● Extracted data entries
╔══

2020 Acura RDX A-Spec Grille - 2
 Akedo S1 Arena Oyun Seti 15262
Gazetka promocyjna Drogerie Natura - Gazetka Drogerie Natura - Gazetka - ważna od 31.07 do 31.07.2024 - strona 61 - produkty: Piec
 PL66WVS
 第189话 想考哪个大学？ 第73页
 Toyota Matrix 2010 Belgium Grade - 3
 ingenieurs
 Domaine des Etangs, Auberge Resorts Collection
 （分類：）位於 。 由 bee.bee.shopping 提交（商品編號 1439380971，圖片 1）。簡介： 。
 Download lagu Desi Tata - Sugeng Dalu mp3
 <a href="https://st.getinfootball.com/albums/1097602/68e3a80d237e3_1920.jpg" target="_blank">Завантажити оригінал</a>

╚══

● EXERCISE AIM
Starting with the line that contains "Domaine des Etangs, Auberge", return each line through the last one of the data above, exactly as written and nothing more.

● SOLUTION TO THIS TASK
 Domaine des Etangs, Auberge Resorts Collection
 （分類：）位於 。 由 bee.bee.shopping 提交（商品編號 1439380971，圖片 1）。簡介： 。
 Download lagu Desi Tata - Sugeng Dalu mp3
 <a href="https://st.getinfootball.com/albums/1097602/68e3a80d237e3_1920.jpg" target="_blank">Завантажити оригінал</a>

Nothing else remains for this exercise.